Yazzie decided that she wanted to start a specifically Native American
theater company to foster and support Native voices, and New Native
Theater was founded in January of this year. The theater company
has conducted several readings celebrating Native authors and also
comedy events. The company plans to produce its first full production
at the end of this year. The company aims to nurture Native artists,
connect to the community, and "heal the wounds in the colonial
narrative and in Native America's personal stories through theatre,"
according to its website.
The
first production by NNT, for which they received funding from the
Metropolitan Regional Arts Council, will be a
community-created piece premiering in December. The creation of
the play involves workshops with community members and professional
actors. The process will use the Cornerstone Theater model, which
aims to bring theater to people who have never experienced it, Yazzie
said.
The
play in December will be about dreams. Yazzie said that a few years
ago, a friend of hers told her about a dream in which shewas pushed
out of her home. Yazzie said she thought it was weird because she
had often had a similar dream. The play therefore will be "an
investigation into what our Native community is dreaming,"
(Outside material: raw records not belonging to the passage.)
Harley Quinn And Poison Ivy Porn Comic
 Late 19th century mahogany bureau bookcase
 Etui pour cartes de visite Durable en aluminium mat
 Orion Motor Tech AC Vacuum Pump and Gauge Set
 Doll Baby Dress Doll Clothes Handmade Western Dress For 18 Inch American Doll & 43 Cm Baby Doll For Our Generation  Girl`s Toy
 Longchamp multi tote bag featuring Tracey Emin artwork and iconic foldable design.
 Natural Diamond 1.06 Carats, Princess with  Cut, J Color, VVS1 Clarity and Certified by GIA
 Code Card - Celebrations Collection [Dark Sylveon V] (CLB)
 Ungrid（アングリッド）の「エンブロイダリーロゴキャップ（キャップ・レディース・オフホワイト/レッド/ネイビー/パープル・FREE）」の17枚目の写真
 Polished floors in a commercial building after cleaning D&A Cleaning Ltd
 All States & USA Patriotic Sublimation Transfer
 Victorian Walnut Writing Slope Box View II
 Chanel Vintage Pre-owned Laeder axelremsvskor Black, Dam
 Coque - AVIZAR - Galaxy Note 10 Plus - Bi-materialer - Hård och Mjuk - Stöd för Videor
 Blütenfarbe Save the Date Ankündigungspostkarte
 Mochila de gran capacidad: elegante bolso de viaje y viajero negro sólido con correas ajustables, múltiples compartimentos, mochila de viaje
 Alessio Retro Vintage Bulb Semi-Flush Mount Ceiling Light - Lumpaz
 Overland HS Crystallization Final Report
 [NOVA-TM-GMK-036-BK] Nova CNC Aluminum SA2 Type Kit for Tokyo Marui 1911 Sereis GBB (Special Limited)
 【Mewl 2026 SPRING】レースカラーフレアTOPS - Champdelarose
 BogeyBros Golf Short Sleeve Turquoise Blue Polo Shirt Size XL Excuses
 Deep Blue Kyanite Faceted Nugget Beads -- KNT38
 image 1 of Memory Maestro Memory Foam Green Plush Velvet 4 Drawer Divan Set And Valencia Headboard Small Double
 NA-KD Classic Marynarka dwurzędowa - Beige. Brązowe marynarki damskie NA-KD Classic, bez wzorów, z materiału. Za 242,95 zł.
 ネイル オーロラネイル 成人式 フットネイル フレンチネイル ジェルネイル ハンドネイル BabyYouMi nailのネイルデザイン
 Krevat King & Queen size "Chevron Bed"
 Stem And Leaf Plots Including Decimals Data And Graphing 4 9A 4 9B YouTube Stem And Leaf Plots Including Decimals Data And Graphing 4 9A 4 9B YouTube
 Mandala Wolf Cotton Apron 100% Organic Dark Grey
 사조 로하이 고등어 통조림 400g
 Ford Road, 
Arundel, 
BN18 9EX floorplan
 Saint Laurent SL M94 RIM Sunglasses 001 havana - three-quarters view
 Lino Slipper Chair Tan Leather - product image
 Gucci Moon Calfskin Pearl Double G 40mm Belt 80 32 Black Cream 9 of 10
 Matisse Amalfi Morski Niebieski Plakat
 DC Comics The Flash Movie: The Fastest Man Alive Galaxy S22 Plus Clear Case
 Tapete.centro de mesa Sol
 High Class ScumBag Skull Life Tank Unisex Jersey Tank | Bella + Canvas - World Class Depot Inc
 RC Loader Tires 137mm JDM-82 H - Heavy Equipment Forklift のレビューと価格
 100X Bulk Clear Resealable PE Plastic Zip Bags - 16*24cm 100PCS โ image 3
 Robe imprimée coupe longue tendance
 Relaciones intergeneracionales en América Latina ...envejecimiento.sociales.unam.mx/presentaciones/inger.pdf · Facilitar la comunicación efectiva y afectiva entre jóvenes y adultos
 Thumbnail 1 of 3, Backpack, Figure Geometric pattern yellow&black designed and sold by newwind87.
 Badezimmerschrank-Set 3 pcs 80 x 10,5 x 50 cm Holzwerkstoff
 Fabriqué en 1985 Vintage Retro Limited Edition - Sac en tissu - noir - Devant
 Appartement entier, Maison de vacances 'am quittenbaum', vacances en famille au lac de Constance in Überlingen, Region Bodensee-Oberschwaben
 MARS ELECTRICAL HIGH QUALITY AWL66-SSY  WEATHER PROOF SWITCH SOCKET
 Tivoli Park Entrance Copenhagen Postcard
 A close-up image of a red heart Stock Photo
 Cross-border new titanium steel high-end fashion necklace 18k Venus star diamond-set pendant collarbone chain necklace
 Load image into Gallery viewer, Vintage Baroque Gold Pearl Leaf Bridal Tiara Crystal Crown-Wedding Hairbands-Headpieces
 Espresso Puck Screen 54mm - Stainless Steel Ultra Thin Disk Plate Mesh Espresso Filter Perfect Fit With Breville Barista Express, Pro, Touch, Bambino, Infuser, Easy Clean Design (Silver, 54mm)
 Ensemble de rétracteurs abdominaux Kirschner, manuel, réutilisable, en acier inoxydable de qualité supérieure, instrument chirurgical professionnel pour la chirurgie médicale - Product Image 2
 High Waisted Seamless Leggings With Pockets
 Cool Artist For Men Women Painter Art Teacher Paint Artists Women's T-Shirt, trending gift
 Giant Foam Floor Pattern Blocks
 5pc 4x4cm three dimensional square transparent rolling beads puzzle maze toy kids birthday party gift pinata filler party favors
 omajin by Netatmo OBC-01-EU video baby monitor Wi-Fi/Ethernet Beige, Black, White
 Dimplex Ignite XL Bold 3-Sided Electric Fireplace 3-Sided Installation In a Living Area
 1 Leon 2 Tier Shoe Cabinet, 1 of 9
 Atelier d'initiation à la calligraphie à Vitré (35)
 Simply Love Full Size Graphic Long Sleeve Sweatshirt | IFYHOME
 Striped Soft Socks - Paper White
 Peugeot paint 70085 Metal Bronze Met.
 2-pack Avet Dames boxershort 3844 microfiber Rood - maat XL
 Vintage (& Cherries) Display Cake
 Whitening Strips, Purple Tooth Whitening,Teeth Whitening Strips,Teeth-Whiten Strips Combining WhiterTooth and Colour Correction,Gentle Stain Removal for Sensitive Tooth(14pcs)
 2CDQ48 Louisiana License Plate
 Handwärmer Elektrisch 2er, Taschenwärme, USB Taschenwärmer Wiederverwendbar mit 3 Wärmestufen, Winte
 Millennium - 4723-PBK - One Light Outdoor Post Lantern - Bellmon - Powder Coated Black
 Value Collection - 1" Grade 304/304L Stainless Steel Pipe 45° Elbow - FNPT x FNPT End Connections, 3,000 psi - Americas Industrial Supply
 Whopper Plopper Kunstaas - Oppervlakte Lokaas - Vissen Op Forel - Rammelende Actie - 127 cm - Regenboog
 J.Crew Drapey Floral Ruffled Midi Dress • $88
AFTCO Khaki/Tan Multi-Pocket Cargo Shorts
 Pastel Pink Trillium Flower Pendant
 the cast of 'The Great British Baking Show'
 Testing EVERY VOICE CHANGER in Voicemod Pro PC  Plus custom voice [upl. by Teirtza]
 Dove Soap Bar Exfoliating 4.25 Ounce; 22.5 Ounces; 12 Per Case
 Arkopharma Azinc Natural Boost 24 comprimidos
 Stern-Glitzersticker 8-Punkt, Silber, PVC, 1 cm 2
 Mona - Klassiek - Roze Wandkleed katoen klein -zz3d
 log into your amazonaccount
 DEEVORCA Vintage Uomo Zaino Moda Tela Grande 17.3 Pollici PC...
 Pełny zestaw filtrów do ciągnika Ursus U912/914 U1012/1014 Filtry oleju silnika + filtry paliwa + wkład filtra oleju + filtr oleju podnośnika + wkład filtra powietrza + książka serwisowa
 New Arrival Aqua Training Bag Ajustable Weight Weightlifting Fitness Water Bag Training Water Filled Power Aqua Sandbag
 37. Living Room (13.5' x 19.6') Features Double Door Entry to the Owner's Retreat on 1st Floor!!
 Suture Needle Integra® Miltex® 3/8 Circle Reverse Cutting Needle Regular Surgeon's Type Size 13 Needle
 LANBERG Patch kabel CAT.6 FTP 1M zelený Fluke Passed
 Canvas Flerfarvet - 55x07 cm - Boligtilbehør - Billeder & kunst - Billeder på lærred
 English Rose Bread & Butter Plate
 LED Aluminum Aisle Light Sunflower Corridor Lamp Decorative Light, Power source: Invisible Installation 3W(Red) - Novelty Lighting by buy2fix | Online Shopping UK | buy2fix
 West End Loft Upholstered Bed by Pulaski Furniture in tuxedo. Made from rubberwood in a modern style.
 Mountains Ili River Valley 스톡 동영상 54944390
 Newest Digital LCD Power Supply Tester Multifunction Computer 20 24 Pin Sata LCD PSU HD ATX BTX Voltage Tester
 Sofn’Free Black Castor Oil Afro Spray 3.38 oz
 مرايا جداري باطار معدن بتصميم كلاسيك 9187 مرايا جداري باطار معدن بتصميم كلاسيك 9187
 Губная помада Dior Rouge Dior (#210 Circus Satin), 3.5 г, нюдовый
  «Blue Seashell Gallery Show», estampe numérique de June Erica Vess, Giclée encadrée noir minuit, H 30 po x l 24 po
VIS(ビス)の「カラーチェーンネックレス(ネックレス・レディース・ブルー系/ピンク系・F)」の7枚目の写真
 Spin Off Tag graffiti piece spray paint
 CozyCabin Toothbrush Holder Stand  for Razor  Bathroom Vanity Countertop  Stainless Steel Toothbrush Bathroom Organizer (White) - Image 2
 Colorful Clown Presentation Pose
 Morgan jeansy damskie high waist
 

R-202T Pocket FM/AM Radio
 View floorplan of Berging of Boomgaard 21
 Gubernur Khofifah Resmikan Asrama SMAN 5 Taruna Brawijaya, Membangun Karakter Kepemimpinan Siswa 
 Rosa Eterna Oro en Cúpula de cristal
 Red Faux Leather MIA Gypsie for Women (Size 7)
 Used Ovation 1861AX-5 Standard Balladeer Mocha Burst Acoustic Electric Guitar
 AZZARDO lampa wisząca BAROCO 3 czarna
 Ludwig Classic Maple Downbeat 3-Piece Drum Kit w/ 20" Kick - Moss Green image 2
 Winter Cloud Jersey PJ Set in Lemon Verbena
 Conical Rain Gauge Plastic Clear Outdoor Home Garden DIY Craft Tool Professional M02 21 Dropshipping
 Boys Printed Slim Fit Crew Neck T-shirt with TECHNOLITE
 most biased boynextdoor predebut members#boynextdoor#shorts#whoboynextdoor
Yazzie said. She hopes that holding workshops and connecting with
the community will be a way "put another angle on our experience,"
she said, "an angle that no one ever thinks about."
Yazzie
said that she doesn't just want to do theater the same old way.
"I don't want to just have the same old nonprofit machine and
paint it red," she said. "That won't work in our community.
Our community has specific needs and experiences." Therefore
NNT's artists will be more engaged in the community involve the
community in our artwork, according to Yazzie.
Another
playwright, Marcie Rendon, who is enrolled in the White Earth reservation,
has lived in the Twin Cities since 1978. She said the Twin Cities
was great for Native writers both because of the Native American
writing community but also because of the great writing community
in general. Rendon said she's friends with a lot of Native writers,
but she isn't attached to a particular group or organization. In
the past she belonged to a writing group run by Juanita Espinoza,
from the Native Arts Circle, which she found very supportive.
Rendon
has written for Child's Play Theater (now Stages Theatre Company,
in Hopkins), Patrick's Cabaret, various Fringe Festival shows, and
Eye of the Storm. One challenge, she said, as a Native playwright,
is that "there is some thinking about what an Indian play is
or what Indian theater is. Either people want us to write mythological
kinds of pieces, or a tokenized view point."
This
weekend, Rendon will perform in True Ghost Stories, presented by
Spirit in the House, at the Black Forest Inn. One of the writers
she will be performing with is Bobby Wilson, a young man with many
talents including street art, painting, graphic art, comedy, and
spoken word.
Wilson
said that as a young Native man, his heritage is "kind of the
root of all the work that I do."
Wilson
said that the number of Native American spoken word artists here
in the twin cities is smaller than in other parts of the country,
particularly the southwestern United States, where places like Arizona
have a strong presence by Native American spoken word artists.
Wilson
said that what makes Native American spoken word artists unique
is their content, which-as with much spoken word-remains largely
based in hip hop and African-American rhythms. In all the art that
he creates, Wilson's greatest mentors have been African-American
or Hmong. There's a tendency to gravitate toward African American
styles, he said, because both communities are rooted in a voice
of struggle. "In such a black and white society," he said,
"one feels like they have to choose they have to act like."
LeGarde
also sees connections between Native literature and the stories
of other communities. She feels particularly honored to receive
the Flannery O'Connor award, she said, because just as O'Connor
told "the big story" of the American South, LeGarde writes
of the "big story" of the Anishinabe people. "The
people in my stories are part of a collective story."